The New Testament Church

new testament churchFor the past few years I have been faithful to say the least in my involvement with church. I went from being complete pagan of the world, to a Christian within a matter of months. God literally plucked me out of sin and placed me in a church. I was lost and confused about who God was, who Jesus Christ was, and I was. As I began going to church, I felt a new life and a new purpose growing within me. I enjoyed the worship and the sermons. I went through a rapid stage of growth and development. I got baptized and my family became members of the church. Soon I was making friends and becoming active in church. God was working amazing miracles in my life!

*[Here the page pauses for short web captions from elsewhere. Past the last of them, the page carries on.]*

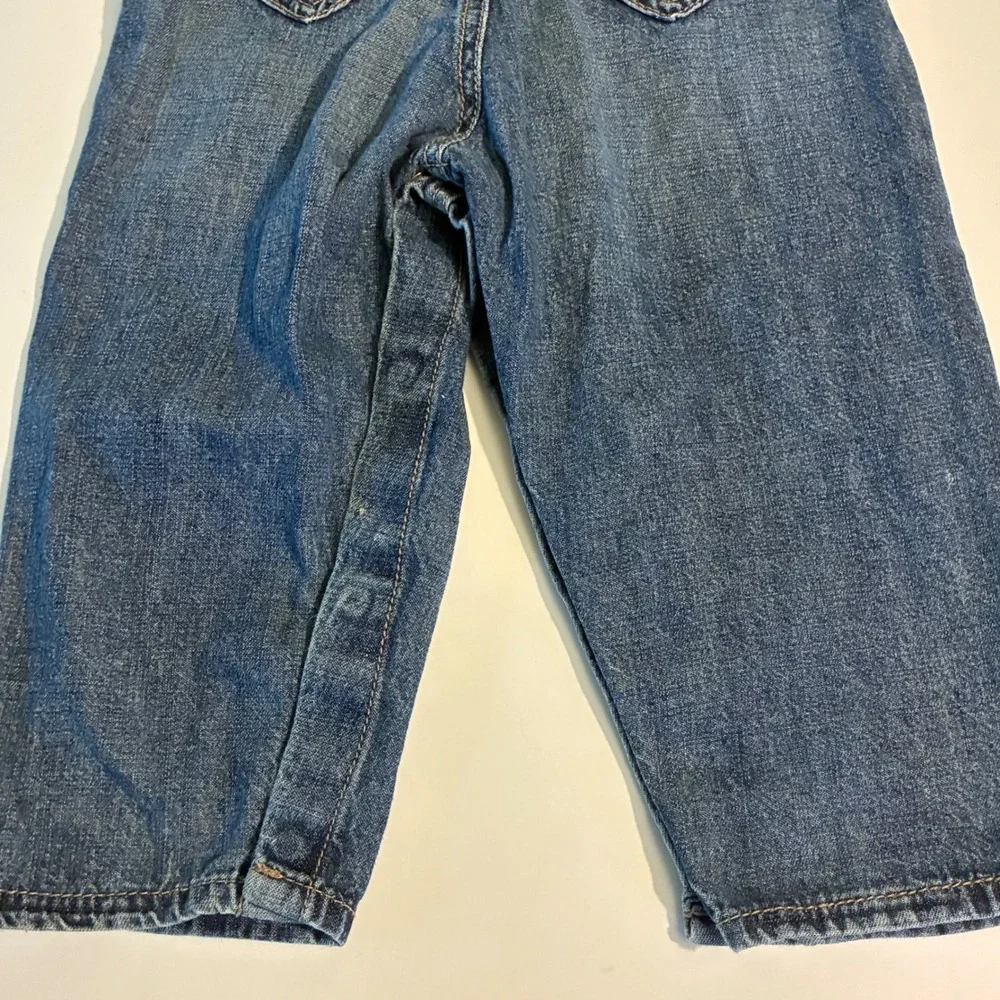 OshKosh Bgosh Girls 24 Months Blue Denim Heart Embroidered Bib Overalls 434A117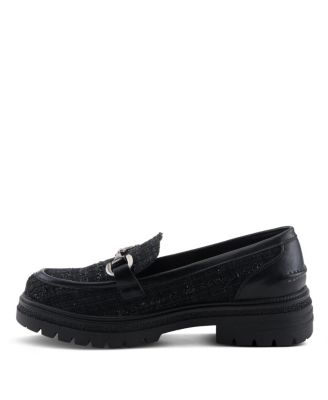 Nacarri Women's Textured Fabric Upper Slip-On Loafer With Gold-Toned Detail, Cushioned Insole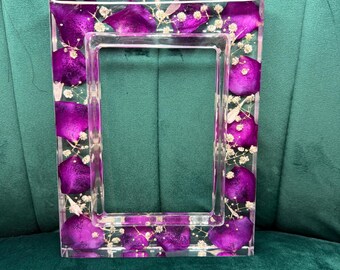 Resin Frame - Wedding Flowers - Funeral Flowers - Unique Handmade Photo Frame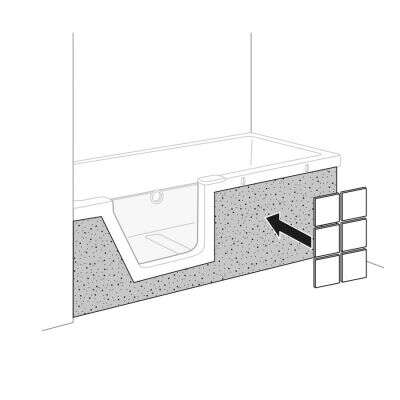 Duscholux Duscholux Fliesenträger Front für Step-In Pure 160x75 cm Tür links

Before I knew it I was in 6 Bible studies, I was on the worship team, I was in a life group, and participating in whatever ways I could. I loved my church and Sunday had become my favorite day of the week. It was a day to look forward to more than any other day. I just wanted nothing more to spend time communing with God and to worship and have fellowship with other Christians. As a matter of fact, I couldn’t even believe that people wouldn’t go to church and go on vacation instead. For me missing church was missing a huge part of my heart.

It’s hard to believe it has been over three years now since I first started going to church. My life has changed a lot in these past three years! I have gone beyond rapid growth and been catapulted into an even greater transformation then I could have ever imagined. Through the work of the Holy Spirit, deliverance, and inner healing, I am finally becoming who God has made me to be. I struggled and searched in desperation for so long to know who I was in Christ. I never thought I would ever possibly see the day that I could even have an understanding or glimpse who I am in Christ! And here I am. I surrender my heart, surrender my soul, I surrender all that I am; and the Potter has been faithful. He is going to finish the good work he started within me. And I am so very excited for that. I am learning and growing still, so very much. But not everything has been easy. This time has been excruciating difficult and painful.

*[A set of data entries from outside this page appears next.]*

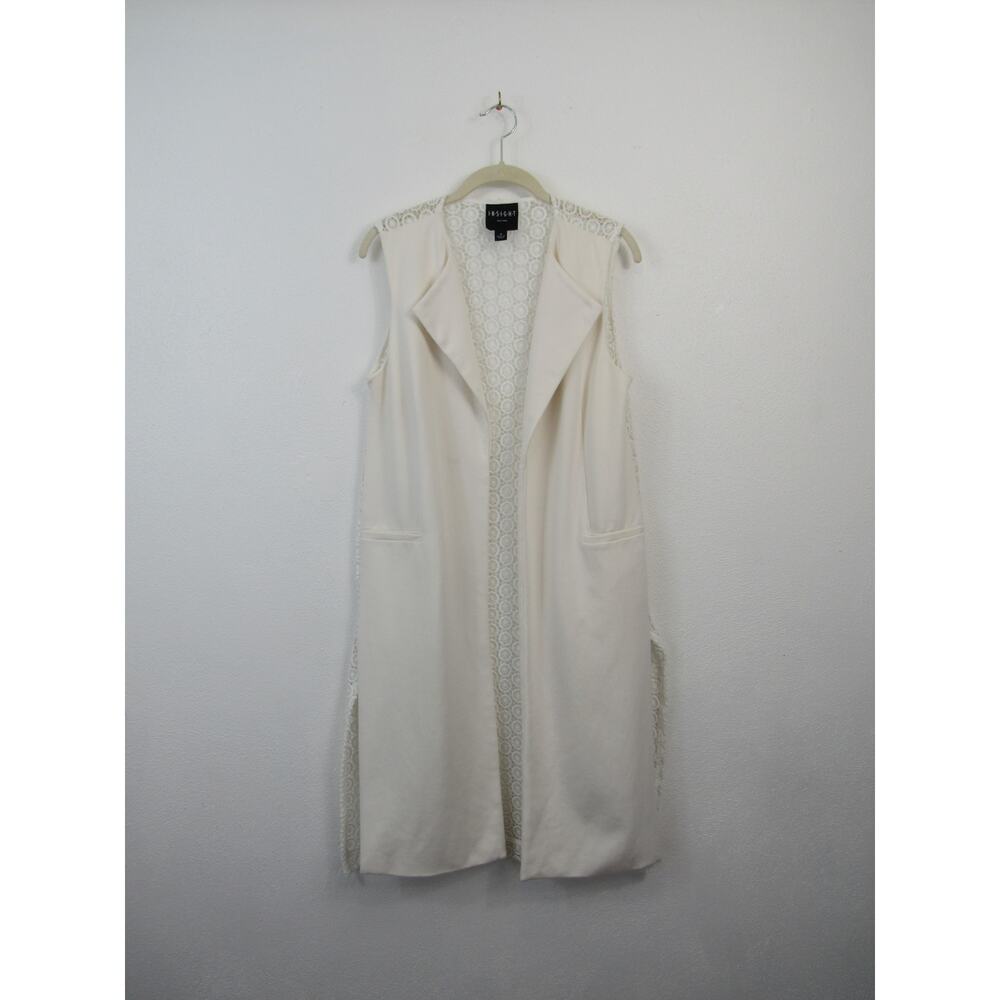 New Insight New York Vest Open White with Embroidery/Lace Back Women Size 4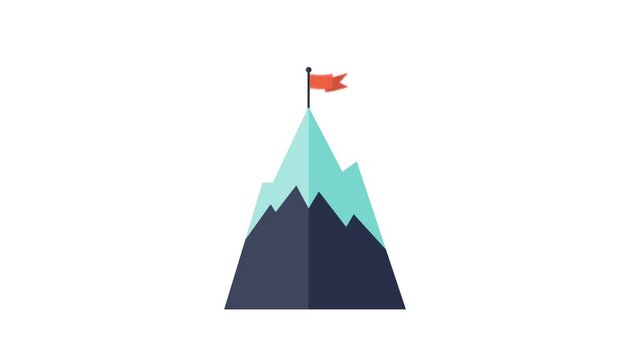 Flat vector mountain peak animation with a red flag planting on the summit for success concept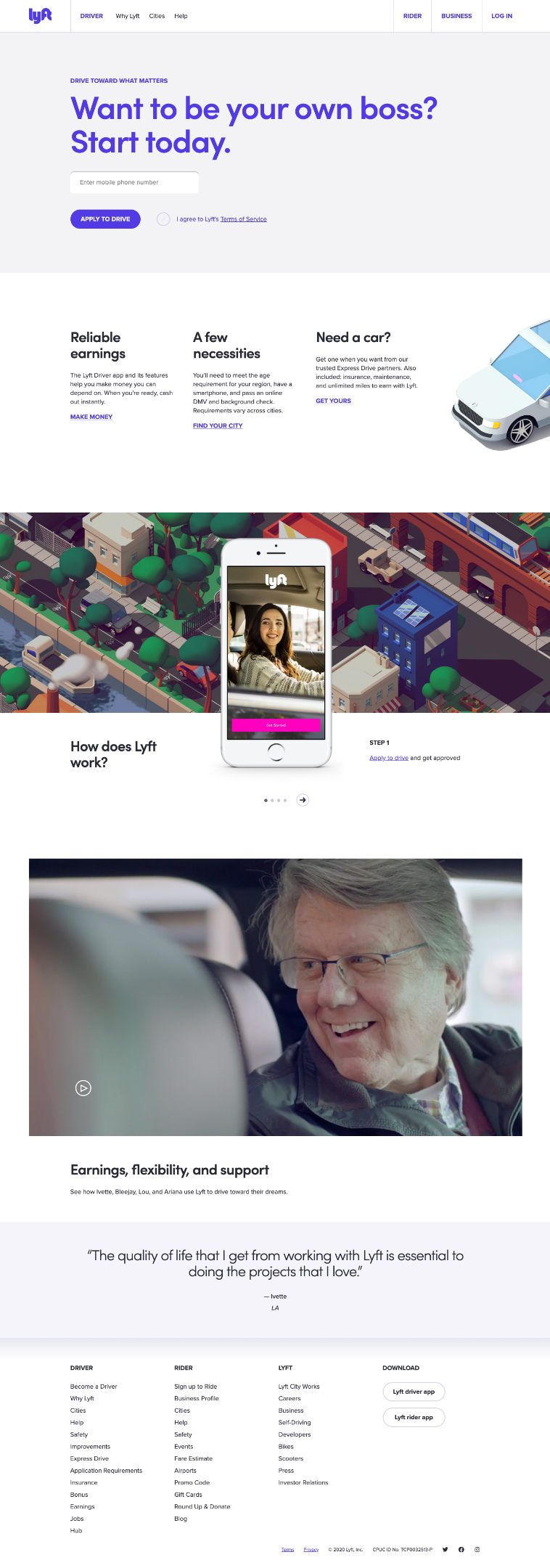 Example from Lyft, an app that uses a shorter landing page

Yet you, Lord, are our Father.
    We are the clay, you are the potter;
    we are all the work of your hand.

Isaiah 64:8

Which leads me to the current season I am in with my church. I stopped attending church regularly about a month-and-a-half ago. Honestly, church has become extremely painful for me. Which is a very drastic change from what I have come from over the past few years. Truthfully, it’s a miracle that I was so passionate about church to begin with. You see I was raised in a church and in that church I was abused. Every person that said they were my family and cared about me, every person that was supposed to protect me and love me, turned love into pain, and crushed the person that God created me to be.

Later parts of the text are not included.